Exercise objective |
Only what runs from the line with "Sa plaže u Karinu nitko ne odvozi hrpe smeća" to the end of the data should appear in the answer, exactly as written and without pictures.

*****

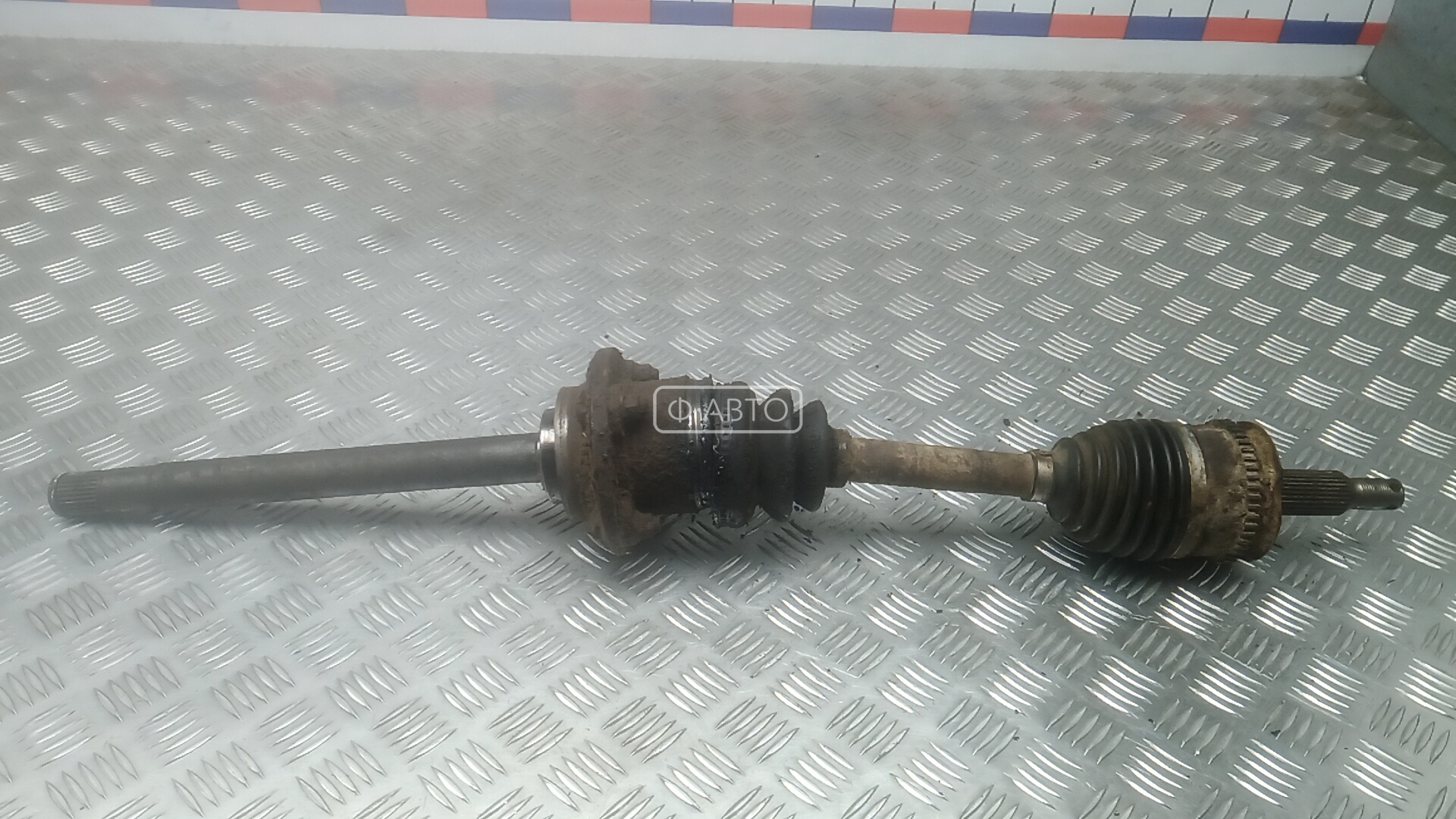 Привод передний правый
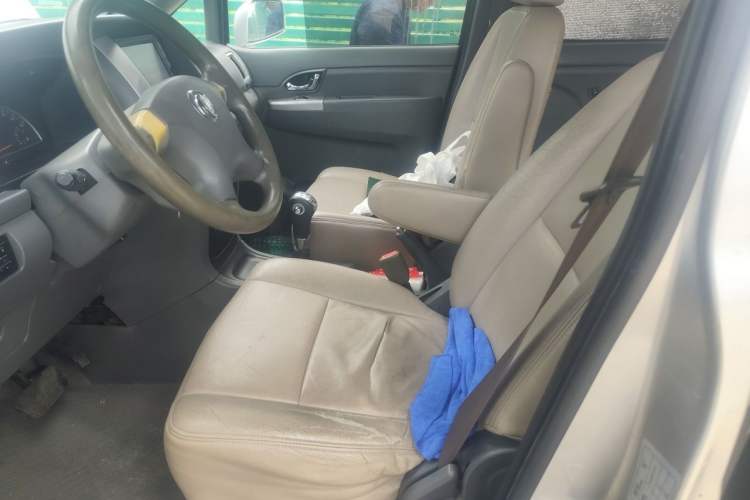 Used Dongfeng Shuaike 2012 2.0L Automatic Luxury 7-Seater Left Front Seat
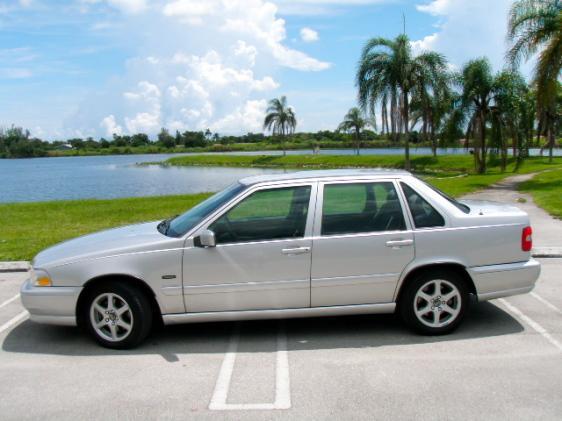 Volvo S70 1998 photo 1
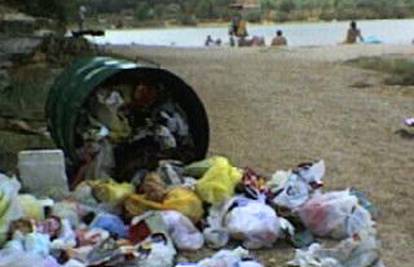 Sa plaže u Karinu nitko ne odvozi hrpe smeća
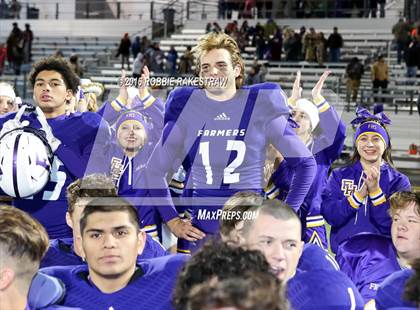 Thumbnail 2 in Farmersville vs. Sunnyvale (UIL 3A Area Playoff) photogallery.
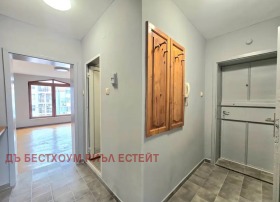 Обява Продава 2-СТАЕН,град Варна, Зимно кино Тракия>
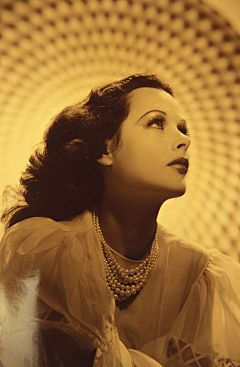 暖阁香箬采集到传奇女星 - 海蒂拉玛(Hedy Lamarr)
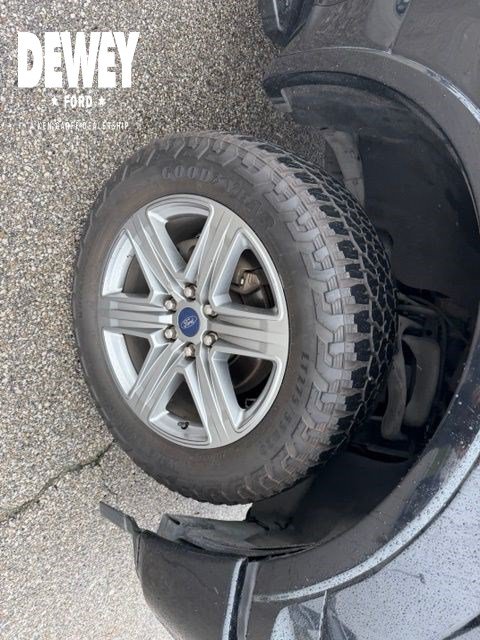 Used 2019 Ford F150 XLT w/ Equipment Group 302A Luxury AWD/4WD image 36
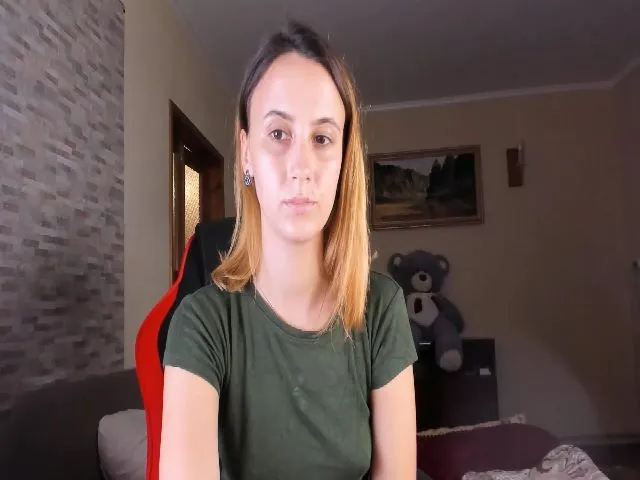 Live sex webcam photo for AnnaTY98 #260078496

*****

Expected answer |
 Sa plaže u Karinu nitko ne odvozi hrpe smeća
 Thumbnail 2 in Farmersville vs. Sunnyvale (UIL 3A Area Playoff) photogallery.
 Обява Продава 2-СТАЕН,град Варна, Зимно кино Тракия>
 暖阁香箬采集到传奇女星 - 海蒂拉玛(Hedy Lamarr)
 Used 2019 Ford F150 XLT w/ Equipment Group 302A Luxury AWD/4WD image 36
 Live sex webcam photo for AnnaTY98 #260078496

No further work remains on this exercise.